Hear, you deaf; look, you blind, and see! Who is blind but my servant, and deaf like the messenger I send? .. You have seen many things, but you pay no attention; your ears are open, but you do not listen.

(Isa 42.18&20)

The Sovereign Lord … wakens me morning by morning, wakens my ear to listen like one being instructed. The Sovereign Lord has opened my ears; I have not been rebellious, I have not turned away.

(Isa 50.4&5)

Do not merely listen to the word, and so deceive yourselves. Do what it says. Anyone who listens to the word but does not do what it says is like someone who looks at his face in a mirror and, after looking at himself, goes away and immediately forgets what he looks like. But whoever looks intently into the perfect law that gives freedom and continues in it – not forgetting what they have heard but doing it – they will be blessed in what they do.

(Jas 1.22-25)

Whoever has ears, let them hear what the Spirit says to the churches…

(Rev 2.7)

When my children were small, distracted and impatient of instruction or parental caution, I would sometimes ask them to listen to me with their eyes as well as their ears… I reckoned that if they were concentrating both eyes on my face, they were a good deal more likely to be concentrating their minds on my words! The faculty of hearing is repeatedly referred to in the bible as of crucial importance in responding to God’s revelation of himself, and always the inference is that unless one responds in obedience, one is not really listening, not hearing properly.
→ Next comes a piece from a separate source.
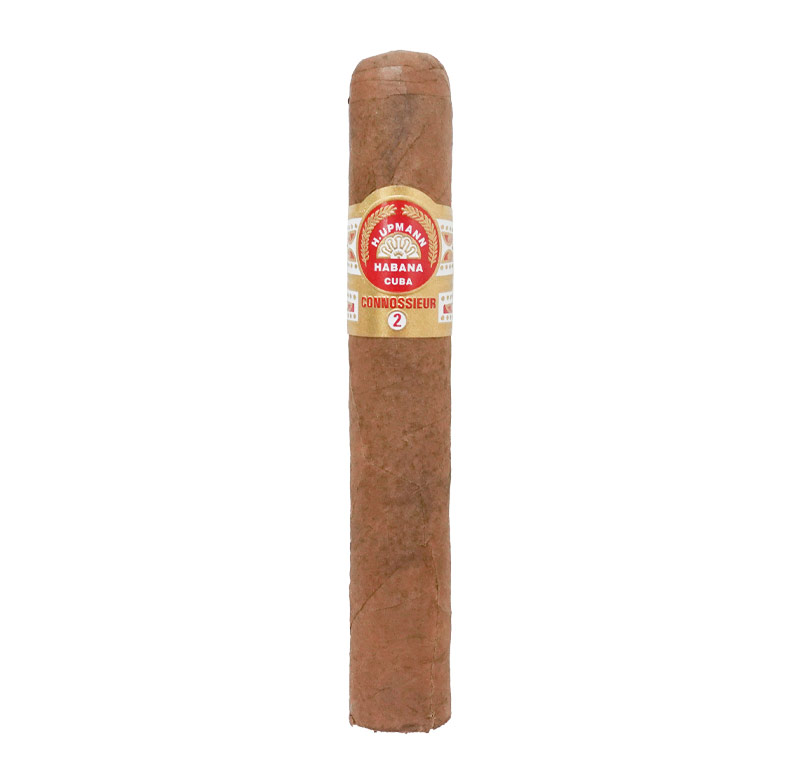 H. Upmann Connoisseur No. 2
If I claim to be attuned to God’s voice, alert to his instruction, and yet continue to make choices and behave in ways which contradict his will, then I am not actually hearing him at all. I have closed my ears to his voice, and am listening instead to my own desires, or to the cultural voice which speaks more pleasingly. It was this sin into which the people of Israel fell, and were repeatedly warned against by the prophets. All their boasted faithfulness to God was in practice a willed deafness to his call to obedient witness and dependence on him. They paid a very high price for that persistent rebellion, and I need to learn from their story to be humble and aware of the danger of complacent self-assurance.

To have faith in God, is to make no distinction between hearing and obeying, and we are thankful that it is God’s gift which enables us to respond to him in this way. Apart from his grace, we are bound in a deafness which amounts to fatal rebellion against our maker and redeemer.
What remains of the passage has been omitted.